** Opening Input block **

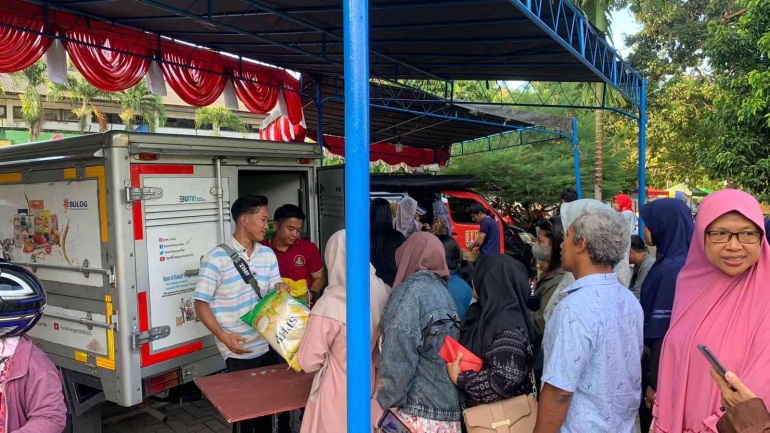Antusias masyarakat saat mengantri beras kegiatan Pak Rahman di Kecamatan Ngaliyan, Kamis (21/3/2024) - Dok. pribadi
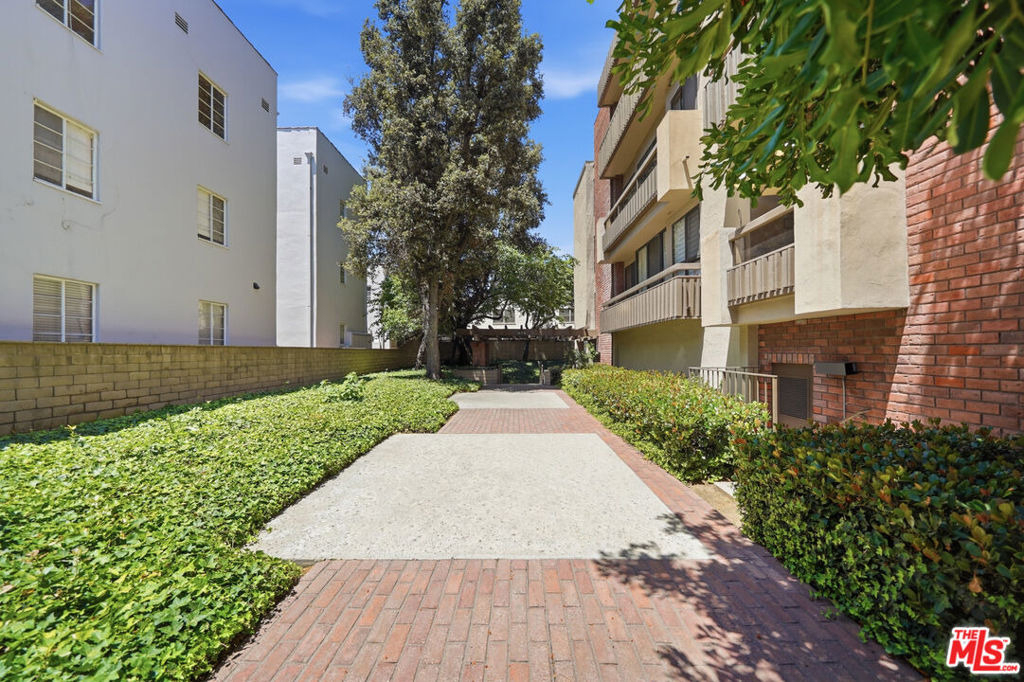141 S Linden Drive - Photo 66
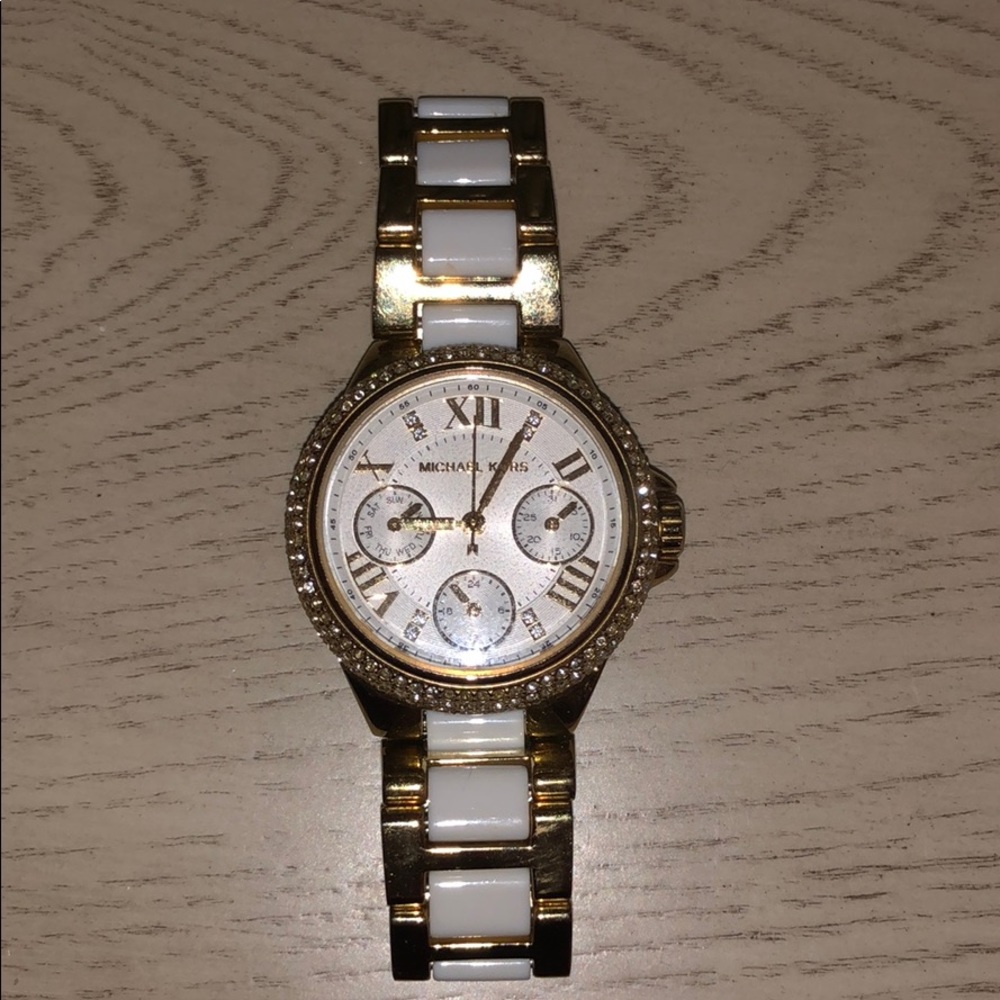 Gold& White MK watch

** Closing Input block **
** Opening Input block **

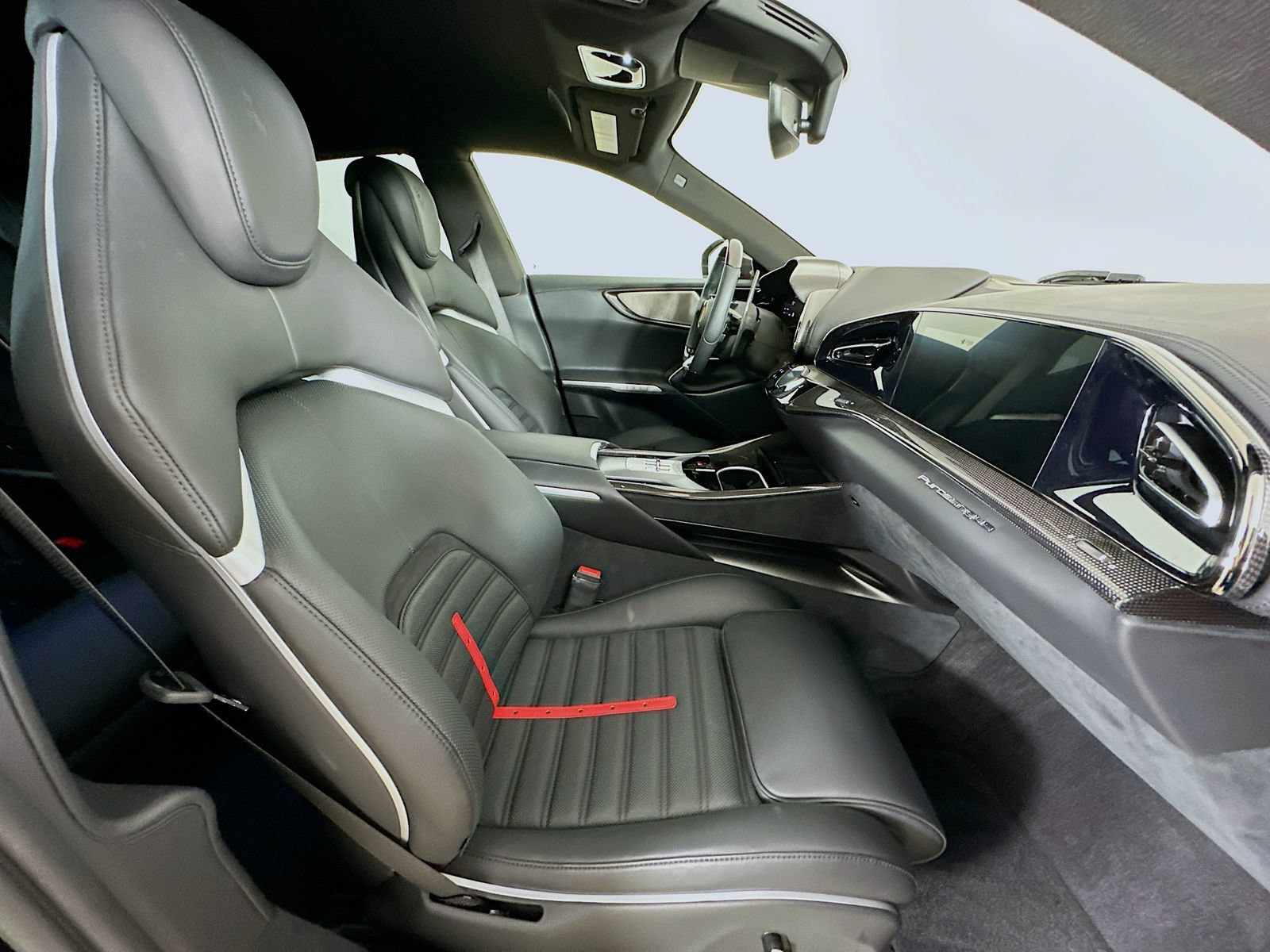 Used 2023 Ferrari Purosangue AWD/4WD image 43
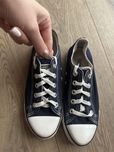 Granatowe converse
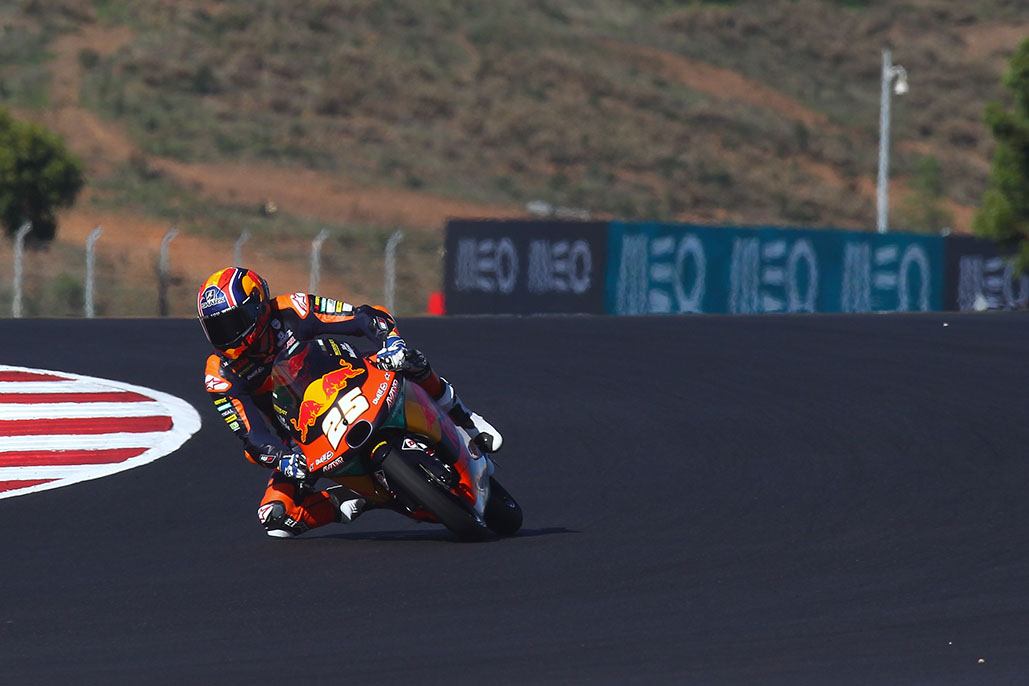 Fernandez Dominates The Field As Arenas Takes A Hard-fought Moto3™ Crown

** Closing Input block **

◆ Task prompt ◆
Would you output the lines above from the line holding "Antusias masyarakat saat" up to and including the line holding "Gold& White MK watch", exactly and only those, with no pictures?

◆ Written reply ◆
Antusias masyarakat saat mengantri beras kegiatan Pak Rahman di Kecamatan Ngaliyan, Kamis (21/3/2024) - Dok. pribadi
141 S Linden Drive - Photo 66
 Gold& White MK watch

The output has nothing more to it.